7. Bottlenecks and Scaling

This final step makes the design production-ready. It addresses what breaks first and how the system survives growth or failure.

What to Cover

  • Single points of failure.
  • Database and cache scaling.
  • Load balancing across tiers.
  • Replication and failover.
  • Service discovery and health checks.
  • Monitoring, logging, and alerting.
  • Security, cost, and operational limits.
  • Graceful degradation and fallbacks.
  • Backpressure, retry storms, and queue growth.

Reliability Checklist

  • Can the system survive a node failure?
  • Can traffic be rerouted automatically?
  • Are reads and writes still acceptable under partial outages?
  • Is there a clear recovery path for data or worker failures?
  • Do we know how to detect the problem quickly?
  • Can we slow down or shed load safely?

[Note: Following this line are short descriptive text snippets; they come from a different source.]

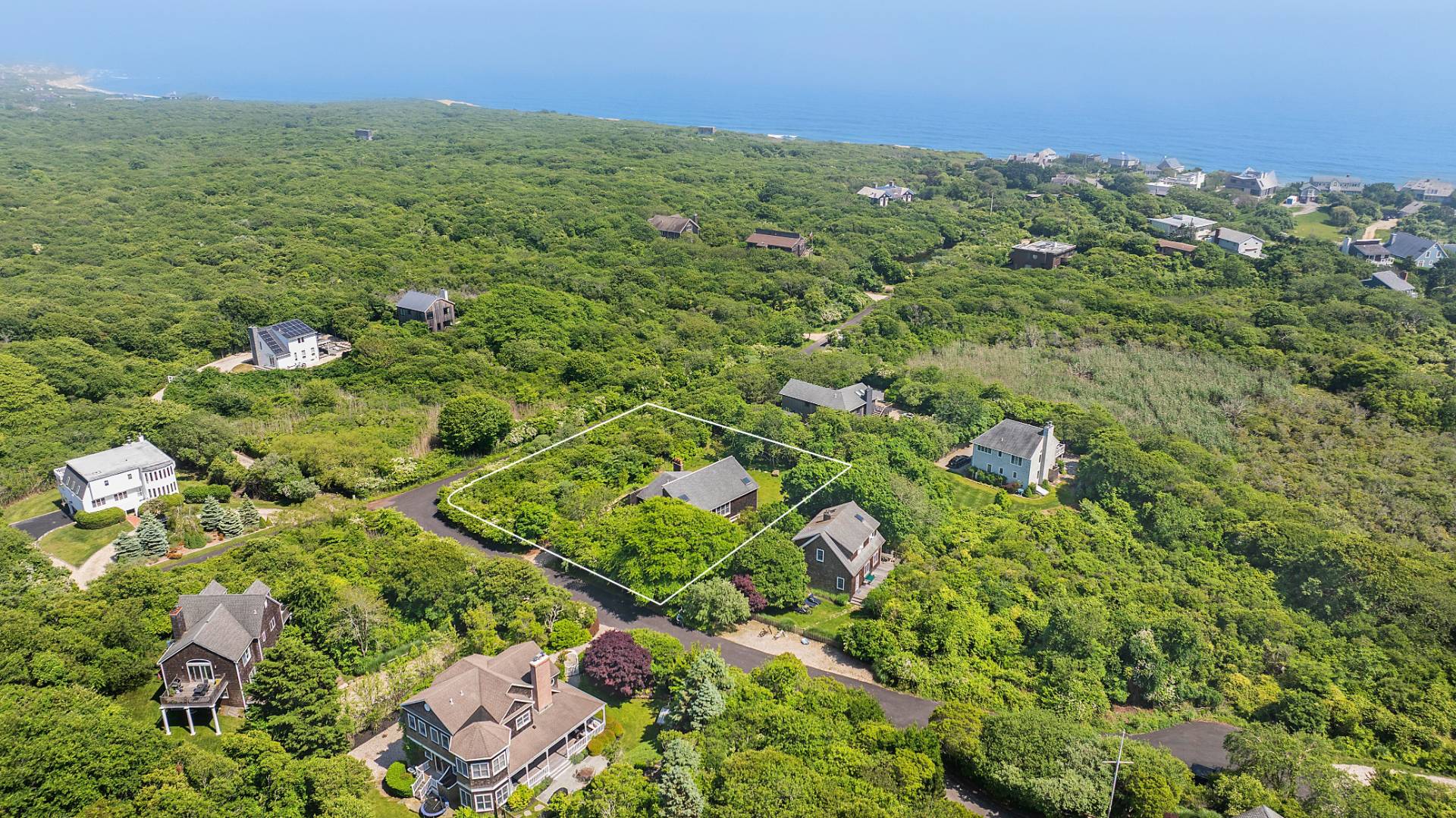 #29 photo, 41 North Surfside Avenue, サフォーク郡 Montauk , NY 11954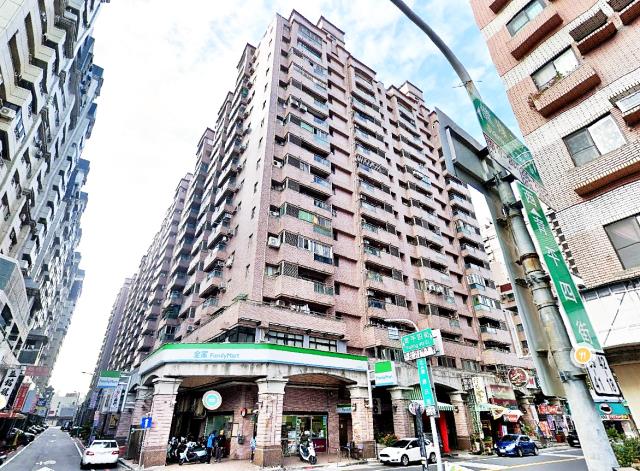 安平區育平路地中海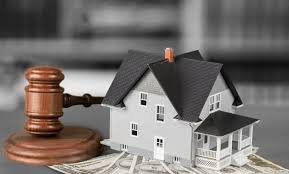 محامٍ يشرح إجراءات تقسيم عقار موروث بالرياض أمام خريطة المدينة مع رموز ناجز وكتابات العدل والتقييم العقاري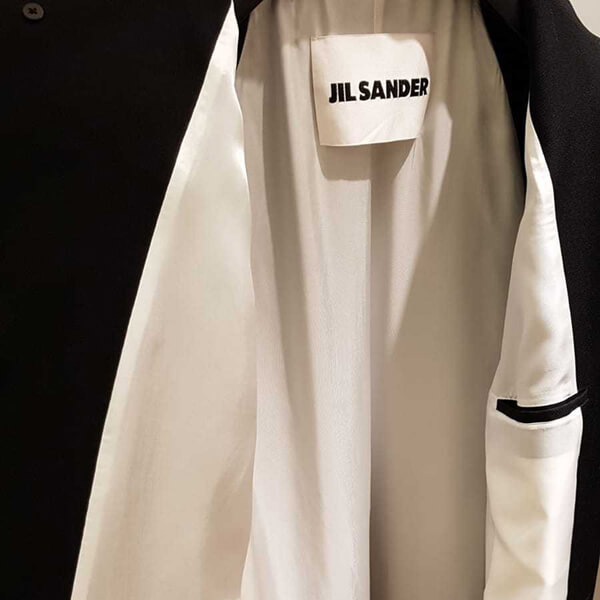 ◆JIL SANDER◆ブラック コート偽物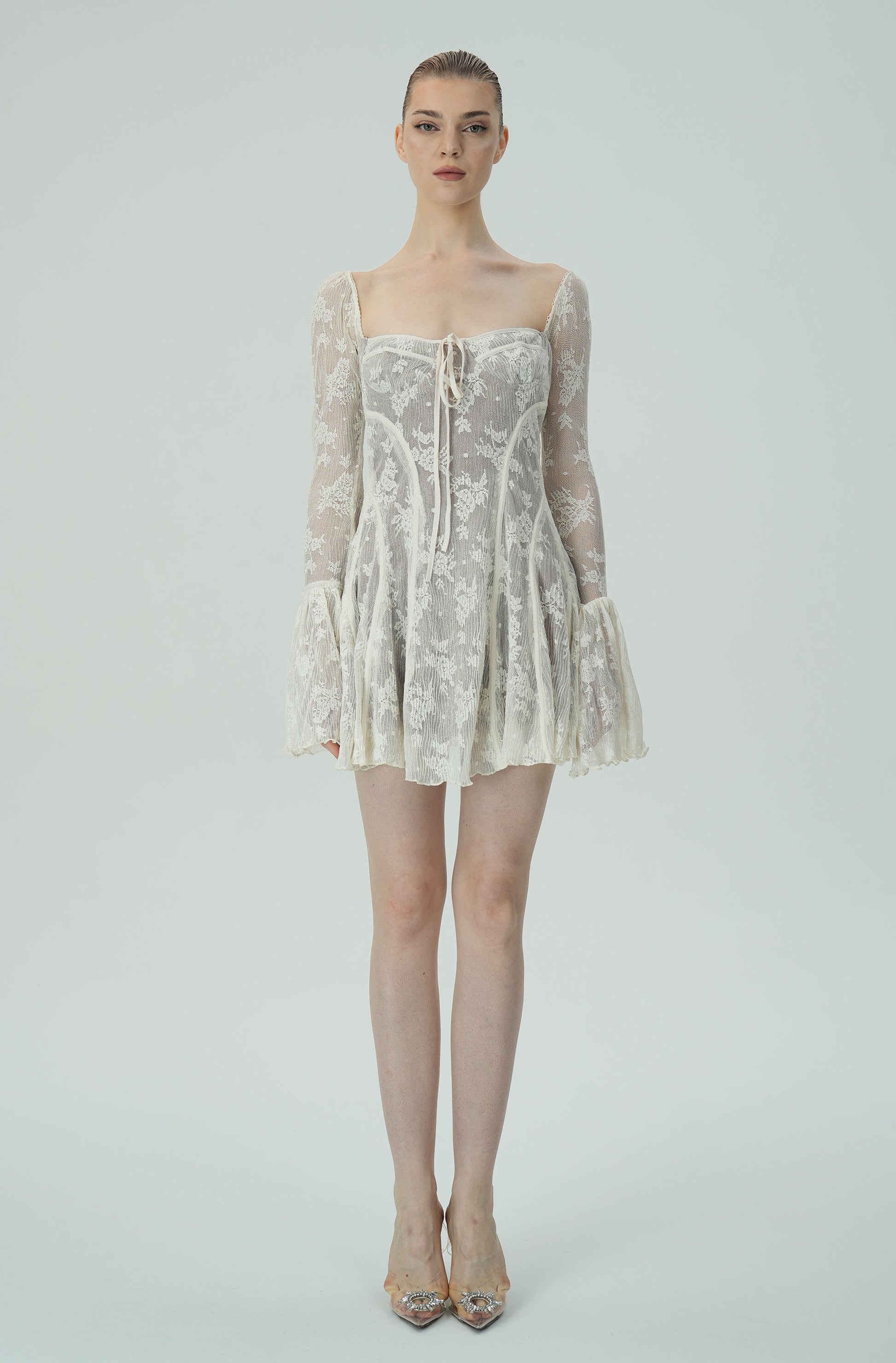 Olyssa Dantel Çan Kollu Mini Elbise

Availability Targets and SLAs

Availability measured in "nines":

Target Downtime/Year Downtime/Month Use Case
99% (2 nines) 3.6 days 7.2 hours Internal tools
99.9% (3 nines) 8.8 hours 43 minutes Most web services
99.99% (4 nines) 52 minutes 4.3 minutes SaaS, payments
99.999% (5 nines) 5 minutes 26 seconds Critical infrastructure

Failover Patterns

Active-Passive

  • Primary handles all traffic, passive is standby.
  • Failure → passive takes over (10-30 sec downtime).
  • Simple, used with master-slave databases.

Active-Active

  • Both servers handle traffic, balanced by DNS/load balancer.
  • Failure → degraded service (no downtime).
  • Complex, needs master-master databases or distributed consensus.

Availability in Series vs Parallel

  • Series: 99.9% × 99.9% = 99.8% overall (multiply).
  • Parallel: 1 - (1 - 99.9%)² = 99.9999% (use redundancy).

Lesson: Redundancy in parallel improves availability; avoid single points of failure.

Scaling Questions

  • What is the next bottleneck after the first optimization?
  • How will the system behave during a spike?
  • How are retries and failures handled safely?
  • How does the system recover from partial outages?
  • What gets degraded first if capacity runs out?

Operational Concerns

  • Metrics for latency, errors, saturation, and throughput.
  • Logs for debugging and audits.
  • Traces for distributed request flows.
  • Capacity planning and alert thresholds.
  • Safe deploys, rollbacks, and feature flags.

Output of This Step

  • A list of the main risks.
  • Concrete scaling techniques for each risk.
  • A production-readiness story, not just a happy-path design.
  • A clear explanation of how the system fails and recovers.

Common Mistakes

  • Ending with the first architecture sketch.
  • Forgetting observability and recovery.
  • Treating scale as only a database problem.
  • Not mentioning failure modes or recovery behavior.